┌─ The data
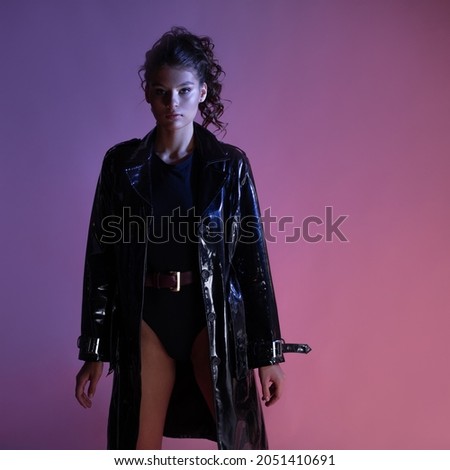A stylish young brunette in a latex raincoat over a black bodysuit, a noir fashion image in a mysterious blurred silhouette goes into the shadows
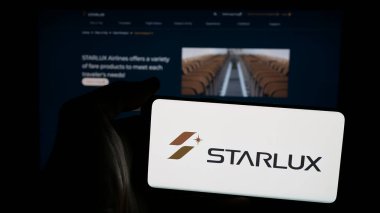 Stuttgart, Almanya - 04-02-2025: Tayvanlı havayolu şirketi Starlux Airlines 'ın logosuna sahip cep telefonu sahibi kişi web sayfasının önünde ekranda. Telefon ekranına odaklan.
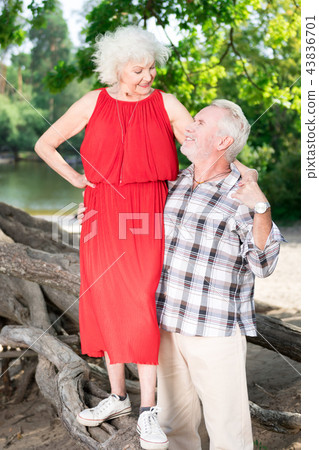 Happy senior woman standing on the log and looking at her husband Happy senior woman standing on the log and looking at her husband 43836701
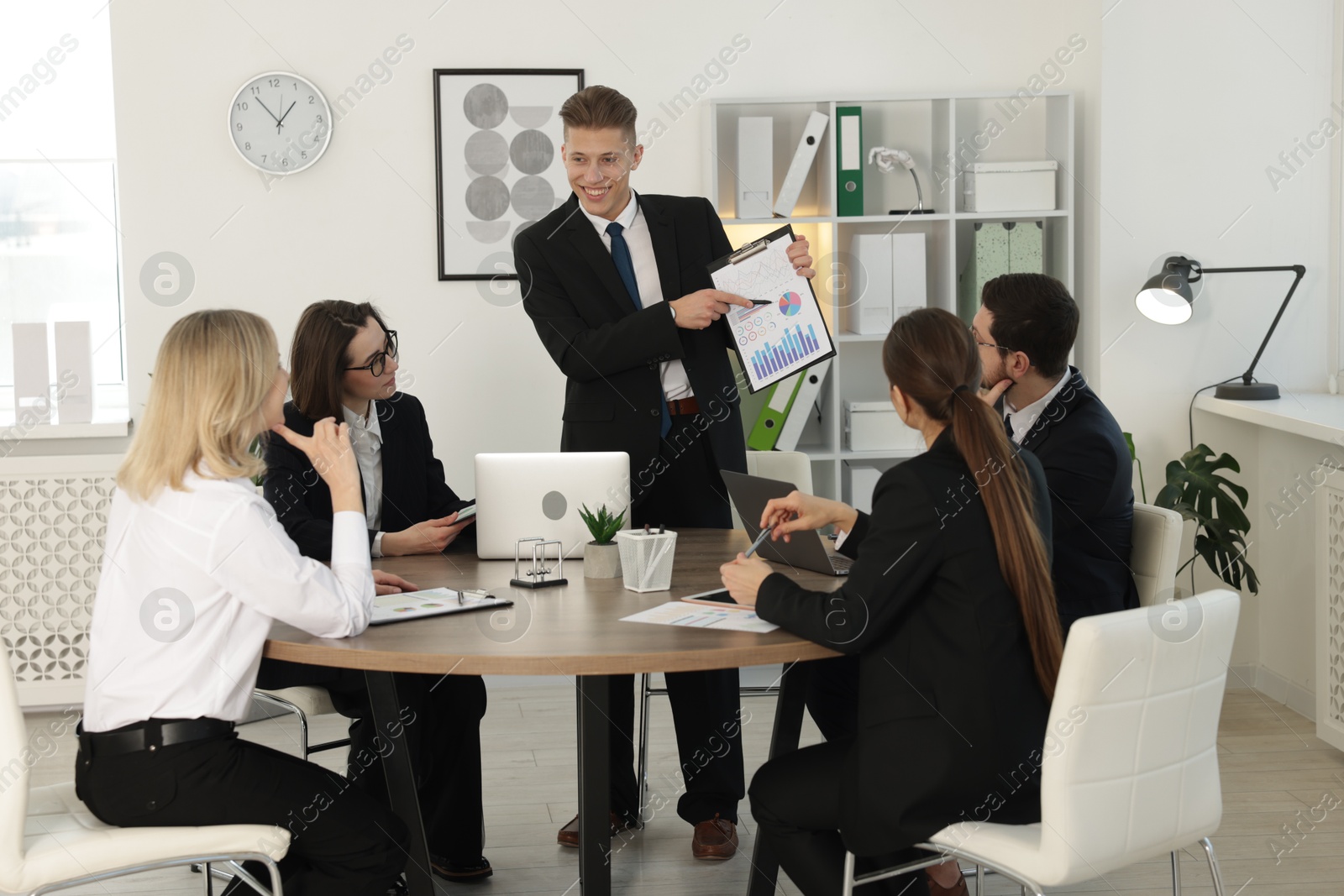 Photo of Group of coworkers having meeting in office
└─
Exercise details: Reproduce word for word the lines from the one containing "Stuttgart, Almanya - 04-02-2025: Tayvanlı" through the end of the data, both ends kept. Drop the pictures.

Response to this task:
 Stuttgart, Almanya - 04-02-2025: Tayvanlı havayolu şirketi Starlux Airlines 'ın logosuna sahip cep telefonu sahibi kişi web sayfasının önünde ekranda. Telefon ekranına odaklan.
 Happy senior woman standing on the log and looking at her husband Happy senior woman standing on the log and looking at her husband 43836701
 Photo of Group of coworkers having meeting in office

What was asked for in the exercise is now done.